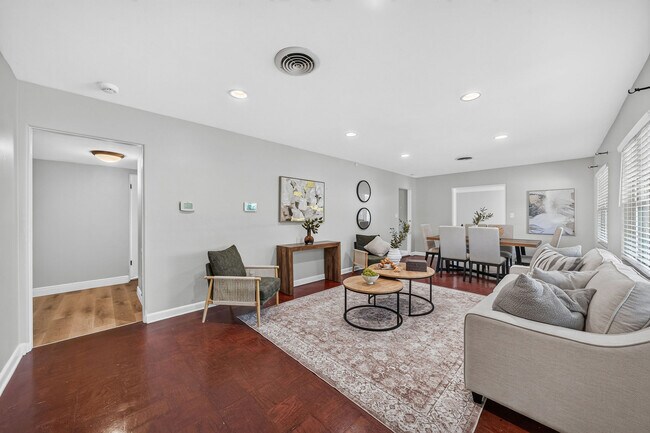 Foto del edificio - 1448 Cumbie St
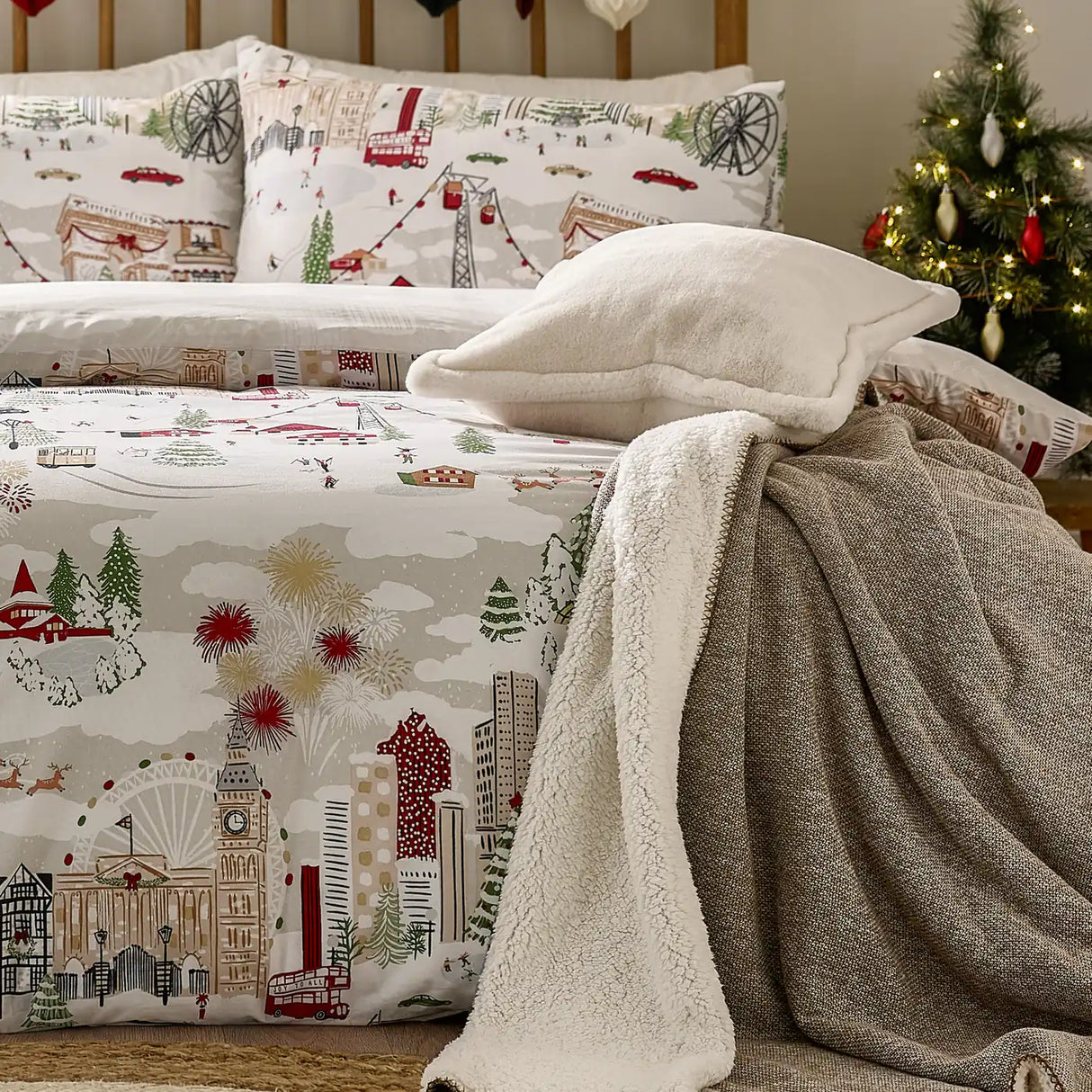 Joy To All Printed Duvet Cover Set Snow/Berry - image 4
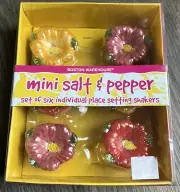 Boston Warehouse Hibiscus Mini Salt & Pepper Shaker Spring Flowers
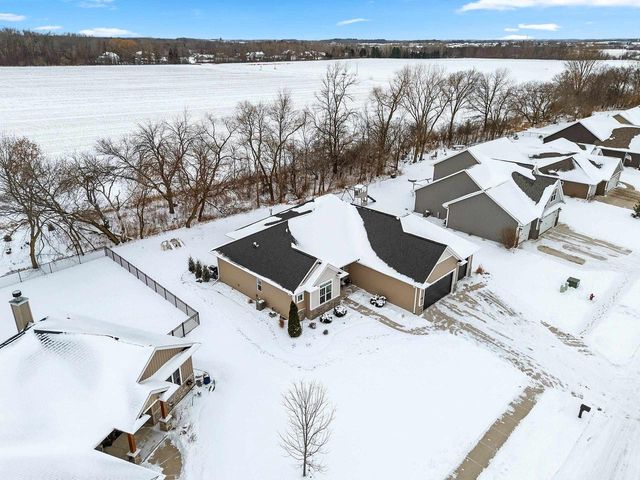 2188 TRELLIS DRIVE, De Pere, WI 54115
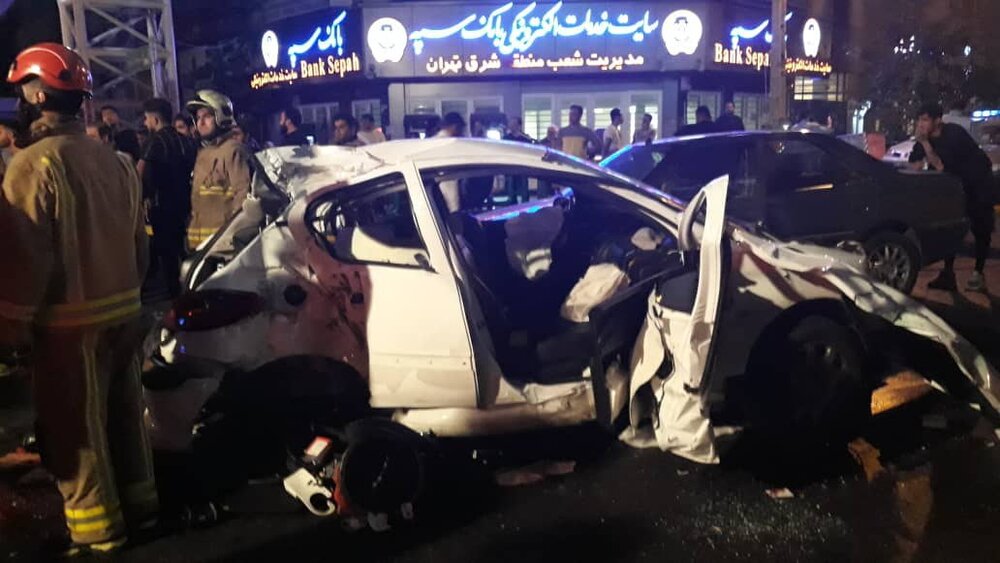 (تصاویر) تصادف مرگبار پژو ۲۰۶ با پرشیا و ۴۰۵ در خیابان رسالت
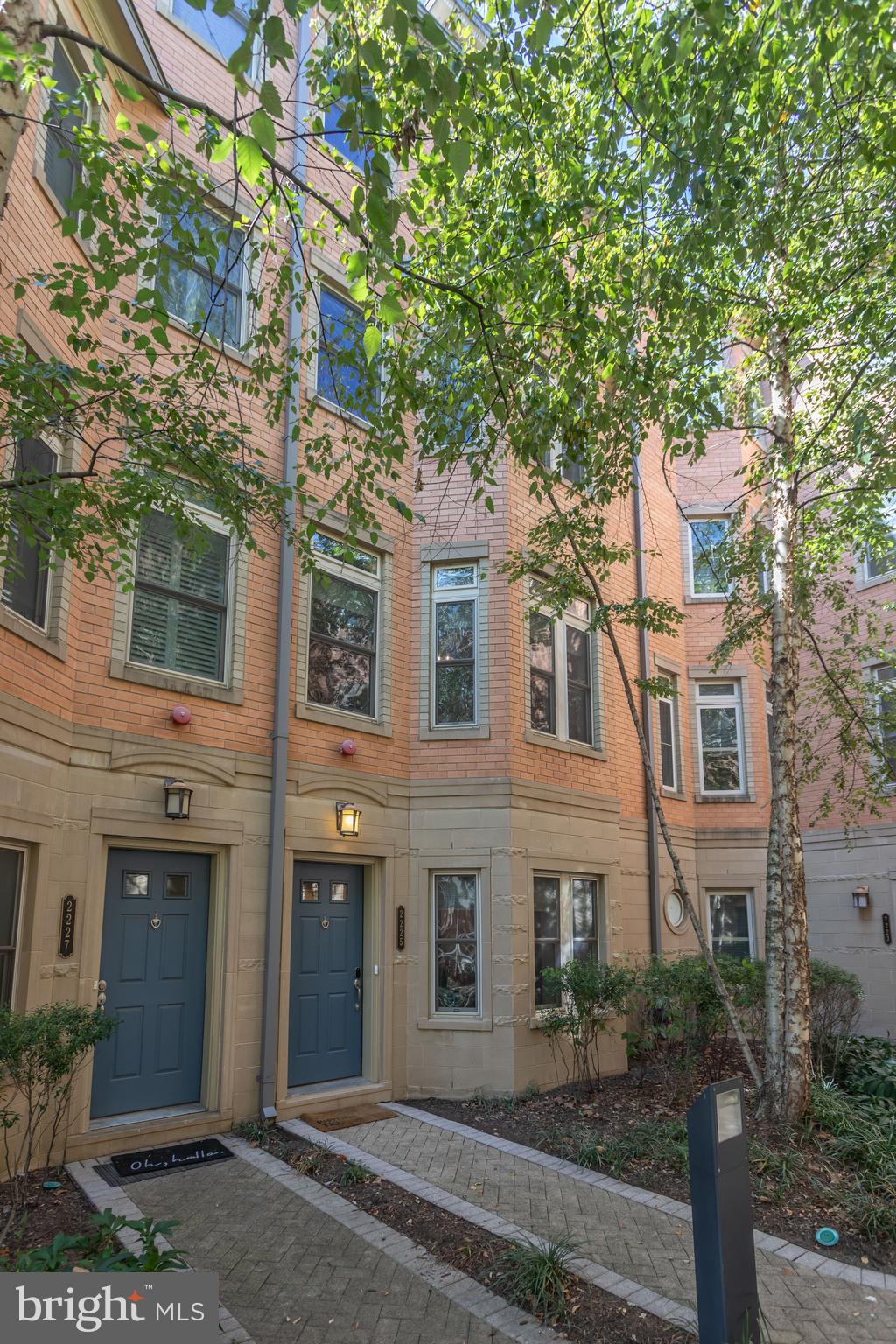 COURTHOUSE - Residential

━━━━━━━━━━━━━━━━━━━━━━━━━━━━━━

Work order> Apart from the pictures, restate all of the listing above exactly.

Solved exercise>
 Foto del edificio - 1448 Cumbie St
 Joy To All Printed Duvet Cover Set Snow/Berry - image 4
 Boston Warehouse Hibiscus Mini Salt & Pepper Shaker Spring Flowers
 2188 TRELLIS DRIVE, De Pere, WI 54115
 (تصاویر) تصادف مرگبار پژو ۲۰۶ با پرشیا و ۴۰۵ در خیابان رسالت
 COURTHOUSE - Residential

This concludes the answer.